- _Task description_
Below are entries. Give back exactly the lines from the one containing "Ecru chasuble sleeve" through the one containing "a view of balcony", inclusive, without the pictures.

- _The records_
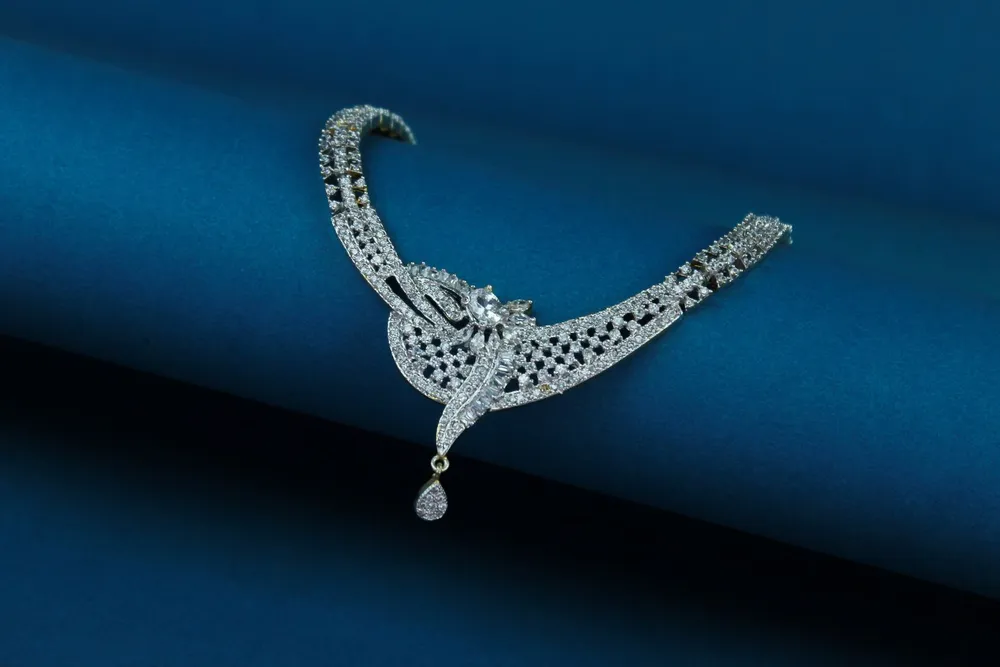 Close-up of a diamond necklace certificate check detail on a deep blue background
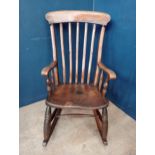 Oak and elm wood slat backed rocking chair {H 104cm x W 54cm x D 56cm}.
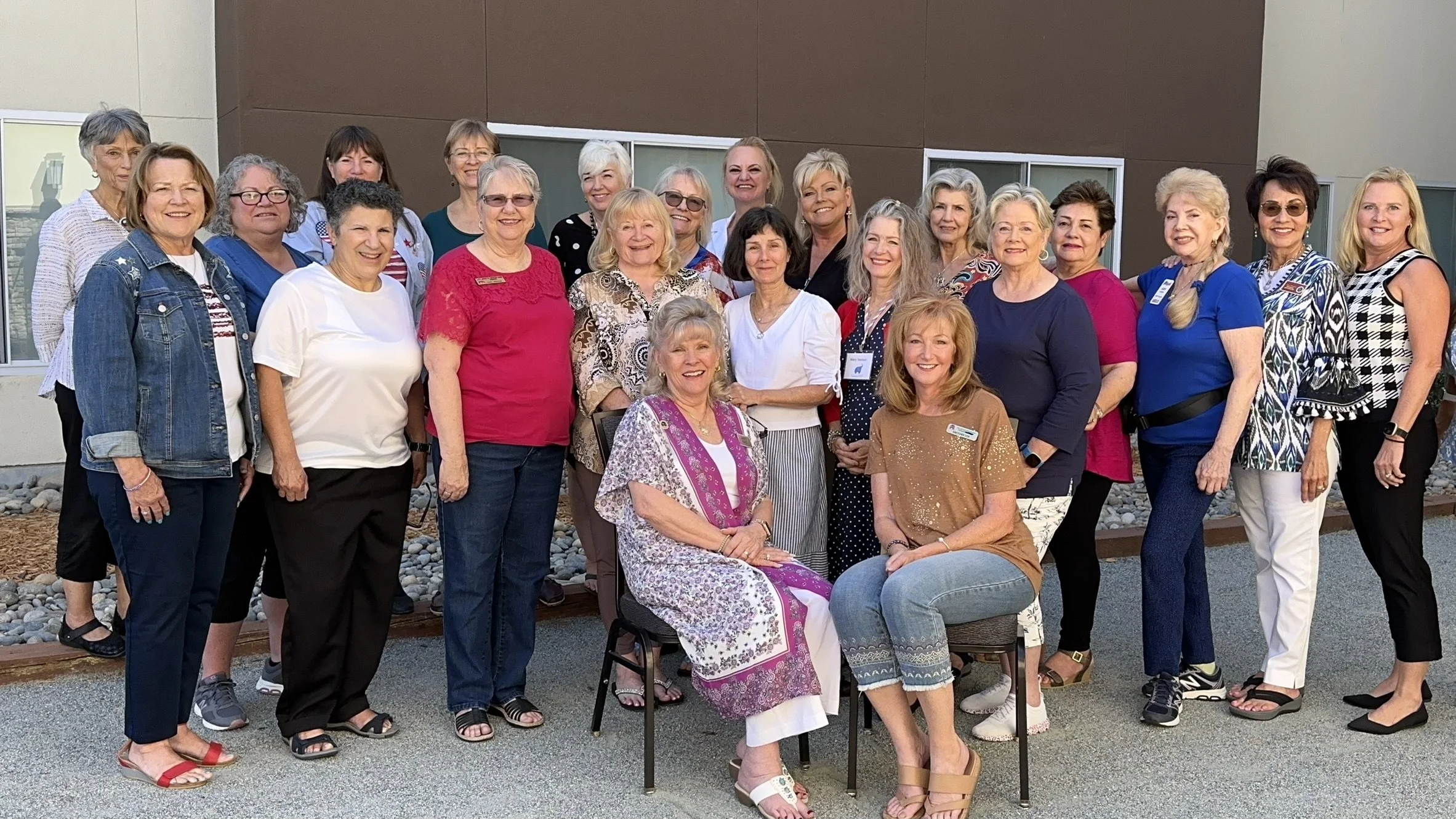 Group of women posing outdoors in front of a building, some wearing patriotic or casual clothing, all smiling.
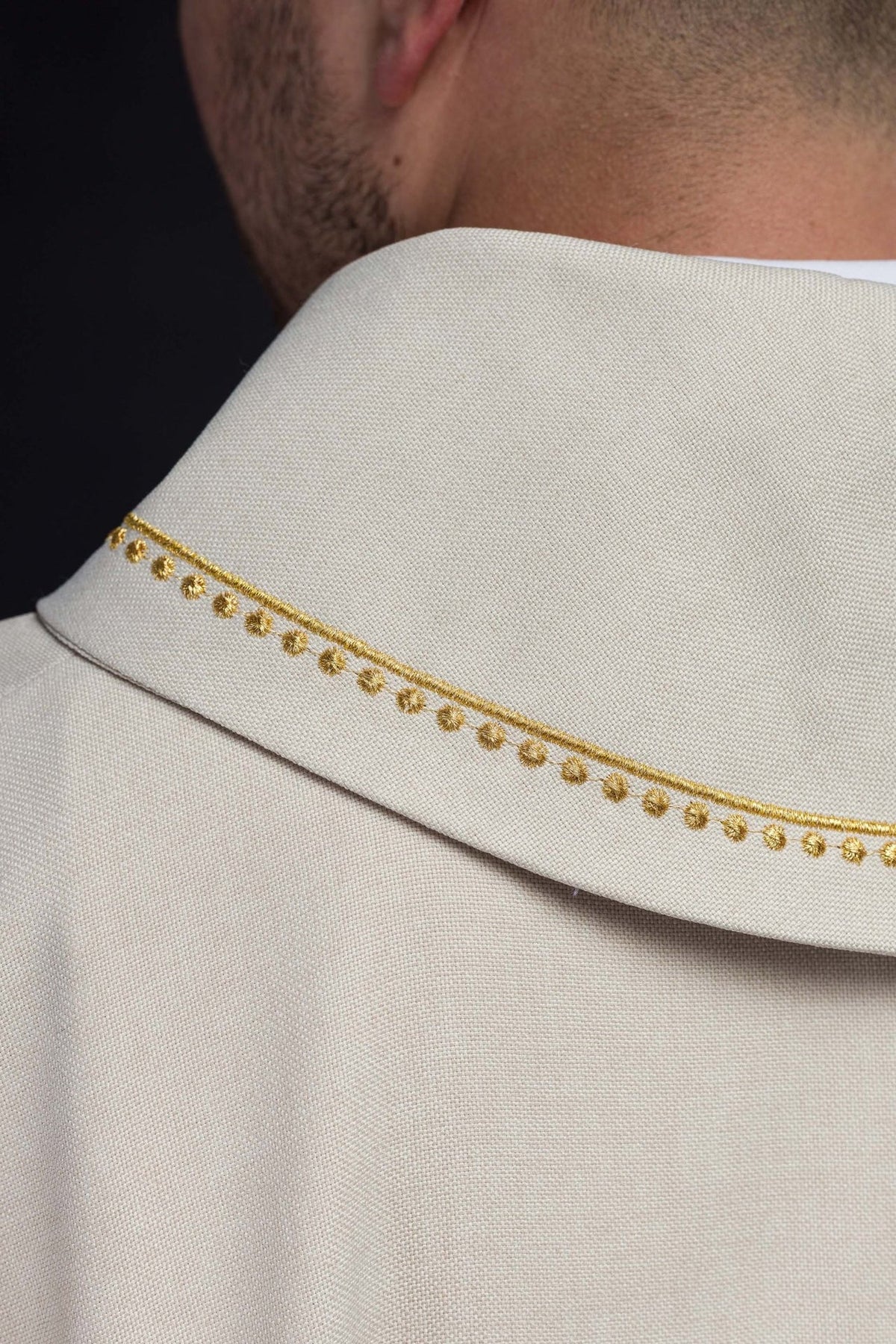 Ecru chasuble sleeve close-up with finished trim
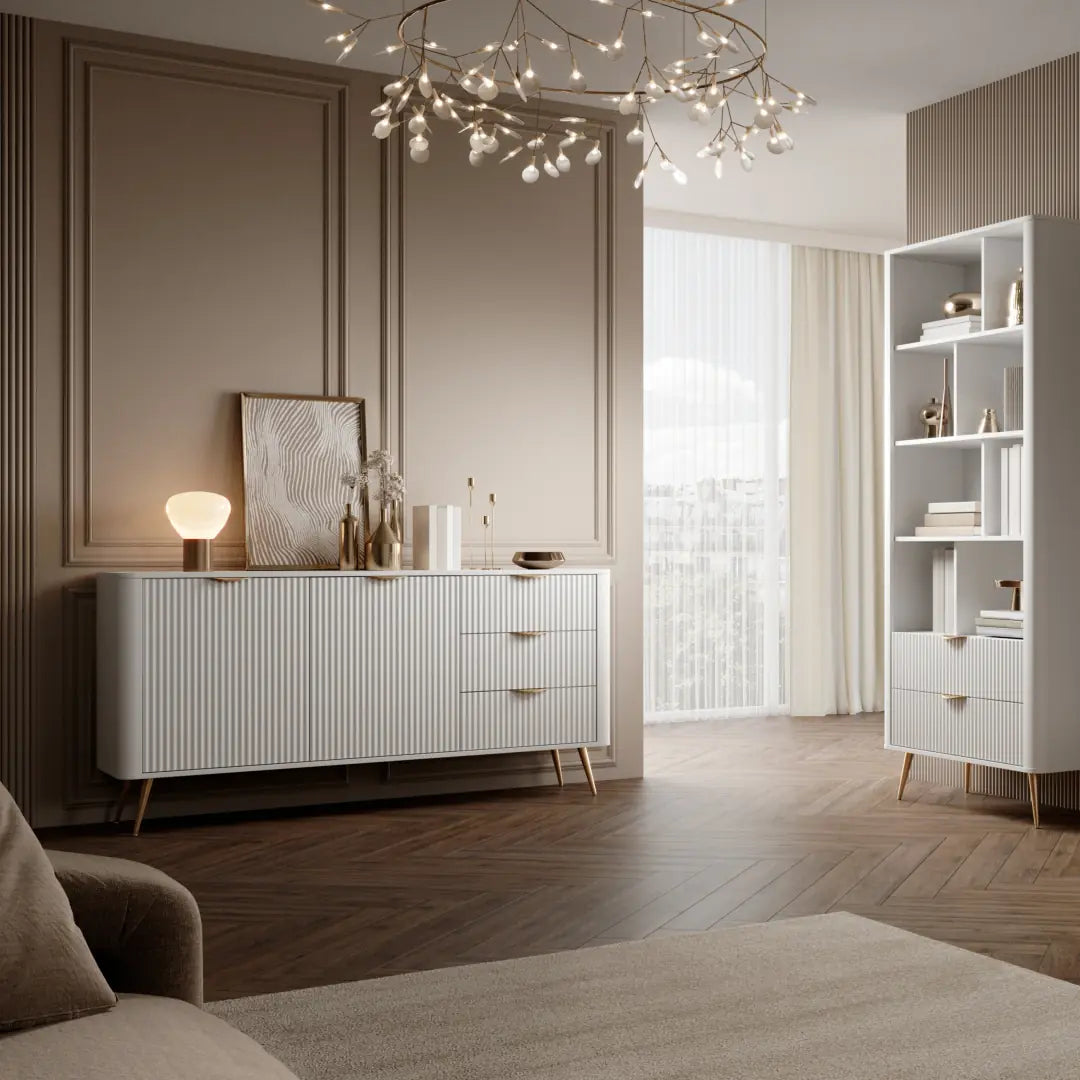 Modern living room with white sideboard, bookshelf, and decorative items.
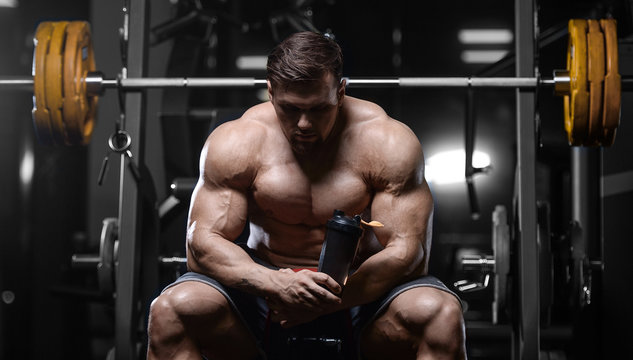 Brutal strong bodybuilder athletic men pumping up muscles with dumbbells.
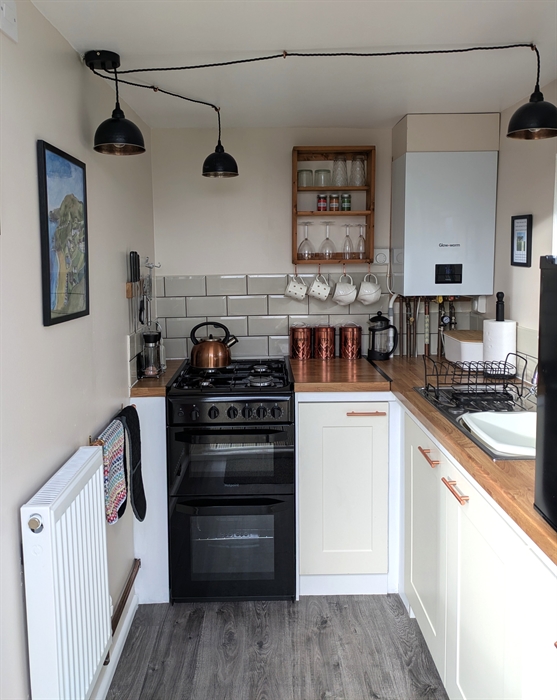 Black gas stove with hob top kettle, boiler, sink and black counter top fridge.Magnetic knife rack on wall. , copper tea, coffee,sugar canisters.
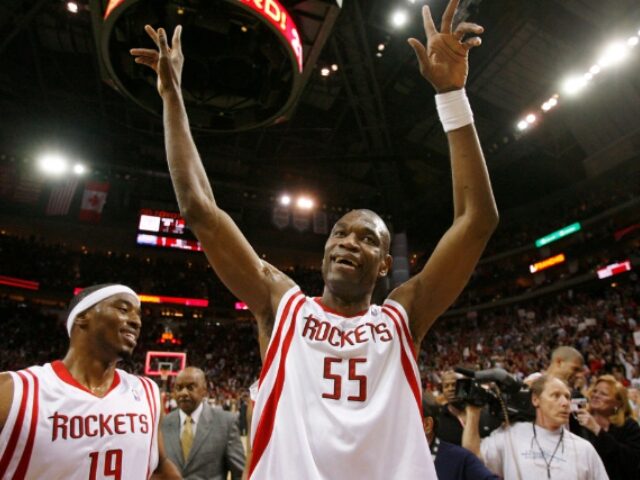 Houston Rockets' Dikembe Mutombo (55) celebrates the Rockets win over the Charlotte B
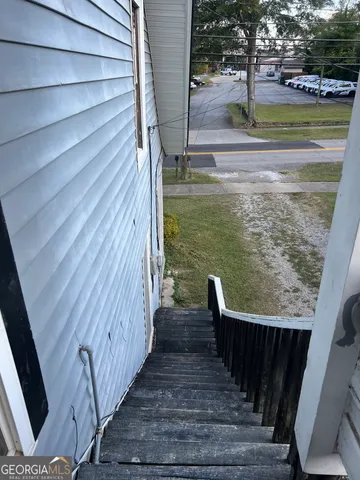 a view of balcony with wooden floor and lake view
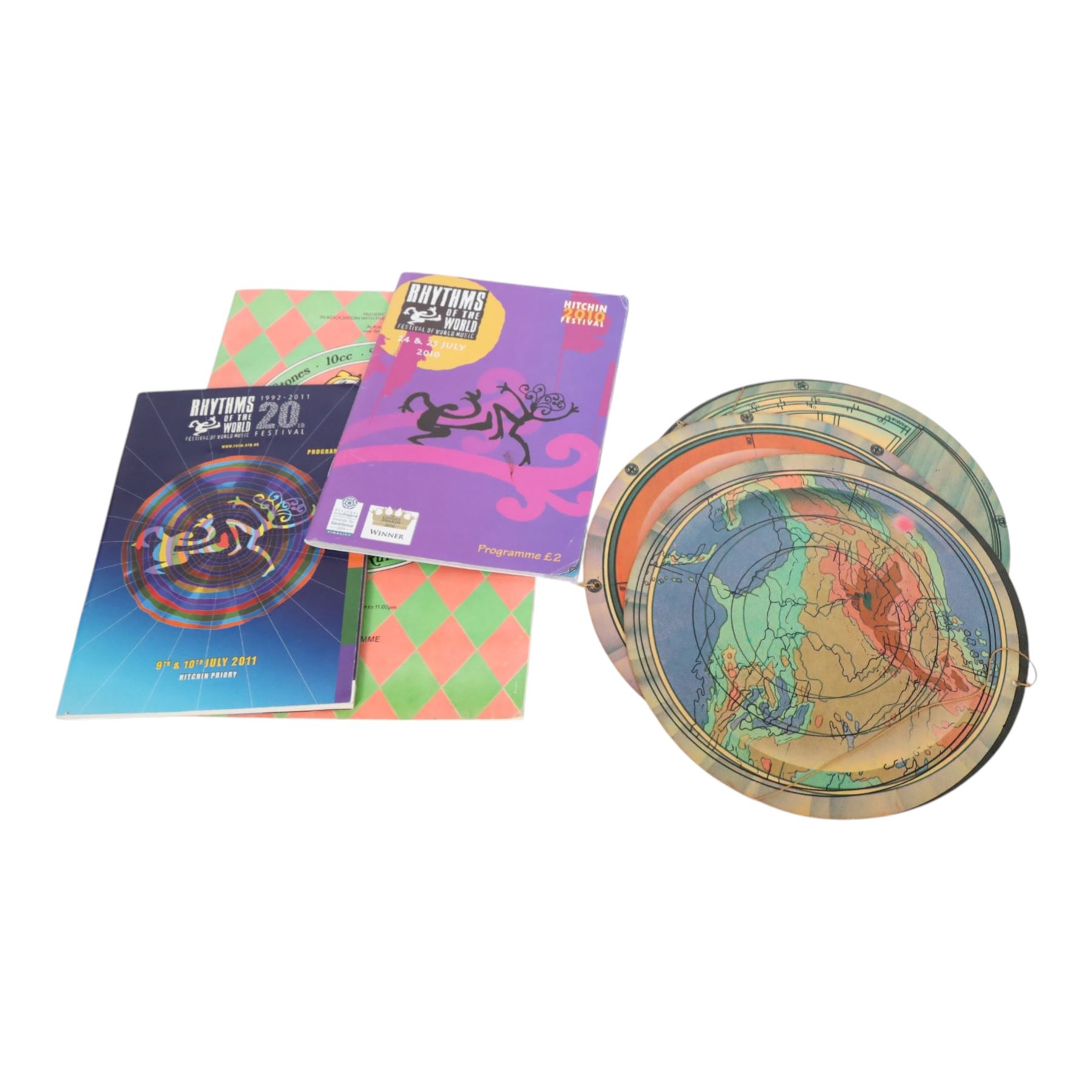 Music memorabilia, including cardboard globe, a free gift with the Wings Over America vinyl, music programmes, including Concert for George, Paul McCartney World Tour, Wings programmes, Glastonbury 1986, 10CC programmes, Knebworth Fair 1976 programme, etc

- _Task answer_
 Ecru chasuble sleeve close-up with finished trim
 Modern living room with white sideboard, bookshelf, and decorative items.
 Brutal strong bodybuilder athletic men pumping up muscles with dumbbells.
 Black gas stove with hob top kettle, boiler, sink and black counter top fridge.Magnetic knife rack on wall. , copper tea, coffee,sugar canisters.
 Houston Rockets' Dikembe Mutombo (55) celebrates the Rockets win over the Charlotte B
 a view of balcony with wooden floor and lake view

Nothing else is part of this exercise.